The friend wound up flying to Poland to have his check-up, something that I thought seemed a little extreme until I mentioned it to my British classmates, all of whom began exclaiming, “Oh yeah, yeah, that’s a great way to go! Poland has lovely dentists, and they’re so cheap!” Who knew about the booming Polish dentist industry?

Meanwhile, one of my friends, who’s plagued by bad teeth, cracked a molar last month and knew she probably needed a root canal. She called her dentist at home and received an over-the-phone diagnosis (they know her well). She then called the local dentist here and explained the emergency. They listened calmly and then replied that they could definitely work her into the schedule. Of course, she’d need to come in for a consultation first…would sometime around the end of April work? Then, she could come in for the root canal in early summer?

By this point, my friend is in agony, and the prospect of waiting two months to be told that she’s in agony doesn’t appeal. So, what’s a girl to do? At first she, too, thought about applying to a geography conference in the United States so she could swing by her hometown and have her tooth fixed, but instead she opted for two flights to Ireland for the procedures. She’s now spent two weekends in Ireland to have a small country dentist fix her tooth.
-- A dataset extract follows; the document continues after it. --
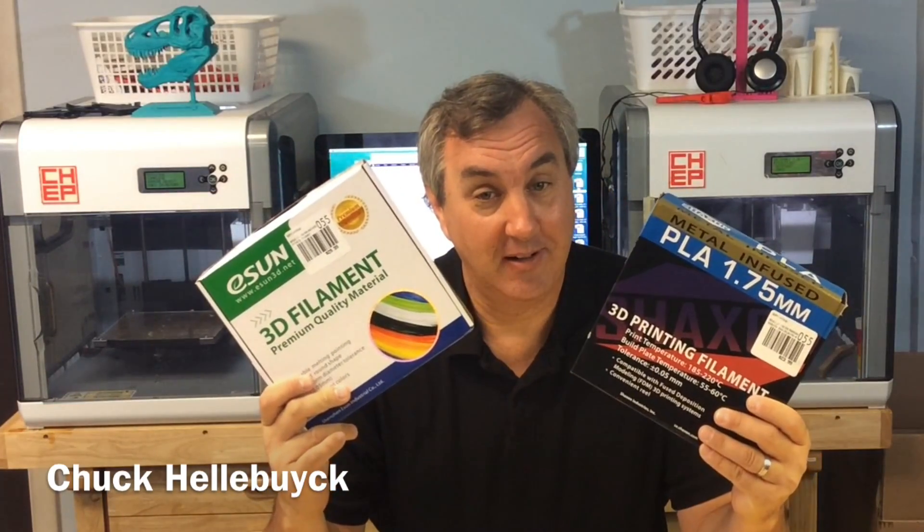I picked up some bronze filament and some copper filament. Let's print something. It's Filament Friday.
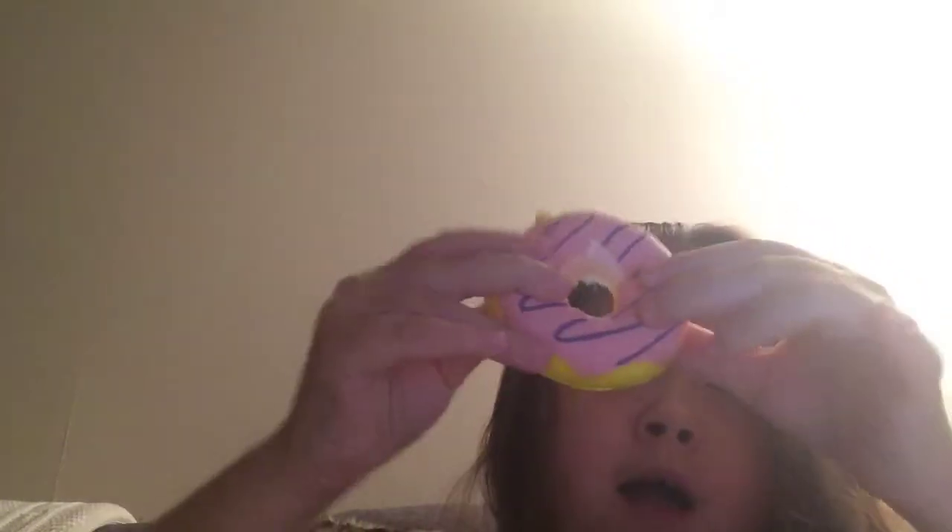Hey guys, today I'm going to be doing squishies I own slash hate. No offense to anybody who might like these squishies. The first squishy is this one — I mean, come on, for such a little squishy...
It doesn't help that my teeth seem to have instinctively picked up on the generally poor state of oral hygeine here and seem hell-bent on trying to fit in with the crowd. I've never had tea stains in my life, but there's a telltale line showing up on the edges of my teeth that I can see if I squint in the mirror. I'm taking better care of my mouth than I ever have after being warned by a dentist, "Whatever you do, don't get anything fixed in England. Lie, tell them your parents want to pay for it, suck on an ice cube if it hurts, but just don't get it fixed there." Yet, despite all of the flossing, brushing, scraping and Listerine-ing, my teeth are being swayed by peer pressure. Consequently, when I knew I could a) go straight to California for my fieldwork or b) spend the same amount of money on a flight to Seattle first and visit the dentist, I choose option b. This might seem a little extreme...but try spending a night in a pub here looking at other peoples' mouths as they laugh, and then tell me you wouldn't hop on the first flight home, too.


kristy said...

Funny, I've been lamenting how difficult it's been to find a new dentist here in Washington State after my regular dentist made it clear last summer that he deserved to be fired. It's torture finding someone who's taking patients! In fact, I have an appointment with the same old guy tomorrow (after an extended prayer vigil tonight). Good luck!

Meg said...

Ugh, bummer! I know a great guy in Seattle who may take patients because he has two practices (one downtown and one in Renton)...let me know if you want his number. Good luck today!

Tucker said...

I am not sure if Bryan was aware of this but our family's dentist was killed in car accident about a month ago. He was in the process of training a new guy to take over his business because he was about to retire so at least we still have someone to go to. Still it is sad because he was a nice man and our mom had his kids at the high school. It is also unfortunate that his daughter, who was in the car with him, has been in a really bad coma since the accident and it is more than likely that she will never awake from it.